High-level language support
Questions
Can I port code in high-level languages to run on GPUs?
Objectives
Get an overview of libraries for GPU programming in Python and Julia
Instructor note
40 min teaching
20 min exercises
Julia
Julia has first-class support for GPU programming through the following packages that target GPUs from all three major vendors:
CUDA.jl for NVIDIA GPUs
AMDGPU.jl for AMD GPUs
oneAPI.jl for Intel GPUs
Metal.jl for Apple M-series GPUs
CUDA.jl
is the most mature, AMDGPU.jl
is somewhat behind but still
ready for general use, while oneAPI.jl
and Metal.jl
are functional but might
contain bugs, miss some features and provide suboptimal performance.
The APIs of these libraries are completely analogous and translation between them is normally straightforward.

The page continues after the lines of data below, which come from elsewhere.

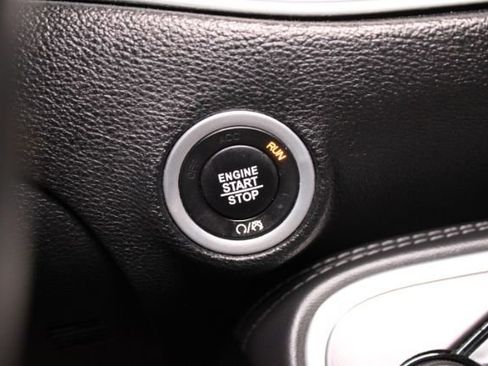 Used 2019 Dodge Challenger SXT image 18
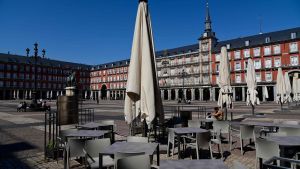 Det normalt myllrande Plaza Mayor i centrala Madrid ligger nu helt öde Det normalt myllrande Plaza Mayor i centrala Madrid ligger nu helt öde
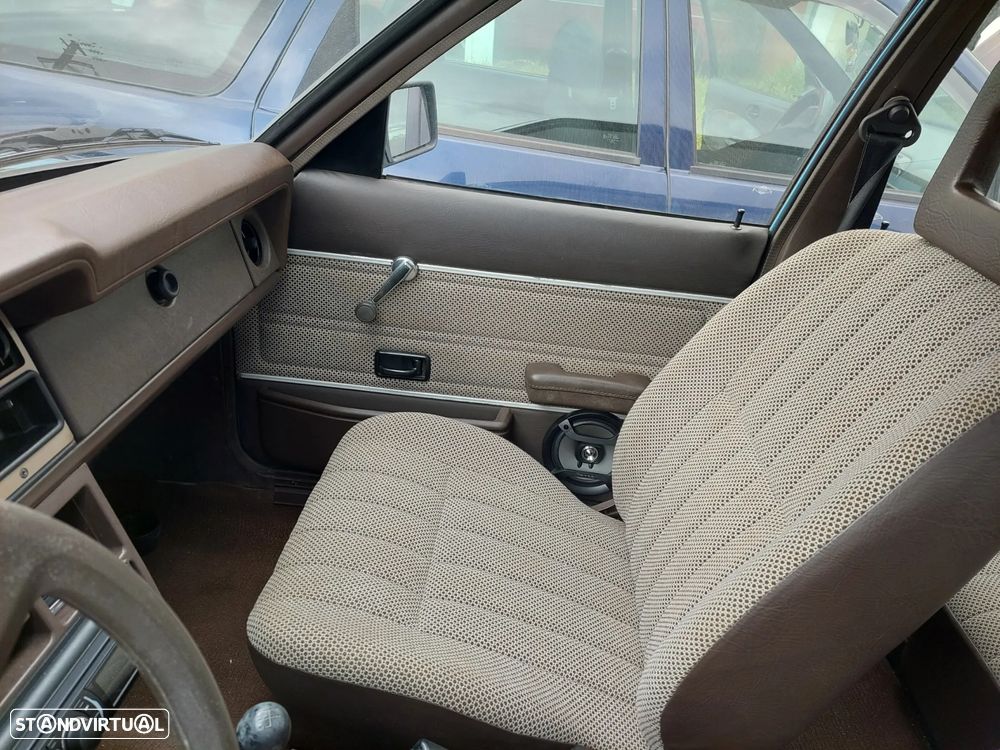 Ford Cortina - 5
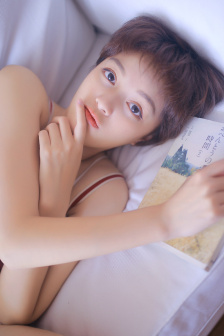 美丽的小蜜蜂2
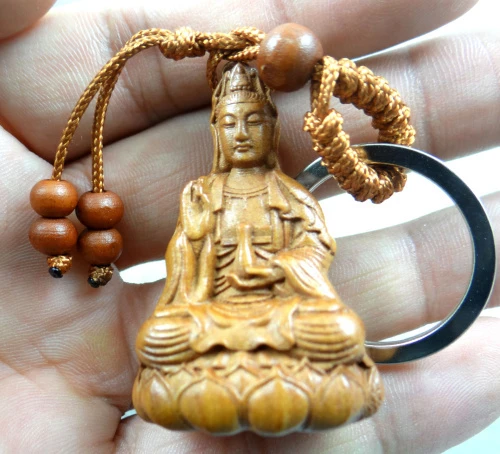 Mahogany Three-dimensional Engraving Key Chain Lifelike Guanyin Pendant Key Ring Jewelry Gift For Car Accessories L6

The libraries offer both user-friendly high-level abstractions (the array interface and higher-level abstractions) that require little programming effort, and a lower level approach for writing kernels for fine-grained control.
Installing these packages is done with the Julia package manager:
Installing CUDA.jl
:
using Pkg
Pkg.add("CUDA")
Installing AMDGPU.jl
:
using Pkg
Pkg.add("AMDGPU")
Installing oneAPI.jl
:
using Pkg
Pkg.add("oneAPI")
Installing Metal.jl
:
using Pkg
Pkg.add("Metal")
To use the Julia GPU stack, one needs to have the relevant GPU drivers and programming toolkits installed. GPU drivers are already installed on HPC systems while on your own machine you will need to install them yourself (see e.g. these instructions from NVIDIA). Programming toolkits for CUDA can be installed automatically through Julia’s artifact system upon the first usage:
using CUDA
CUDA.versioninfo()
The array interface
GPU programming with Julia can be as simple as using a different array type
instead of regular Base.Array
arrays:
CuArray
from CUDA.jl for NVIDIA GPUsROCArray
from AMDGPU.jl for AMD GPUsoneArray
from oneAPI.jl for Intel GPUsMtlArray
from Metal.jl for Apple GPUs
These array types closely resemble Base.Array
which enables
us to write generic code which works on both types.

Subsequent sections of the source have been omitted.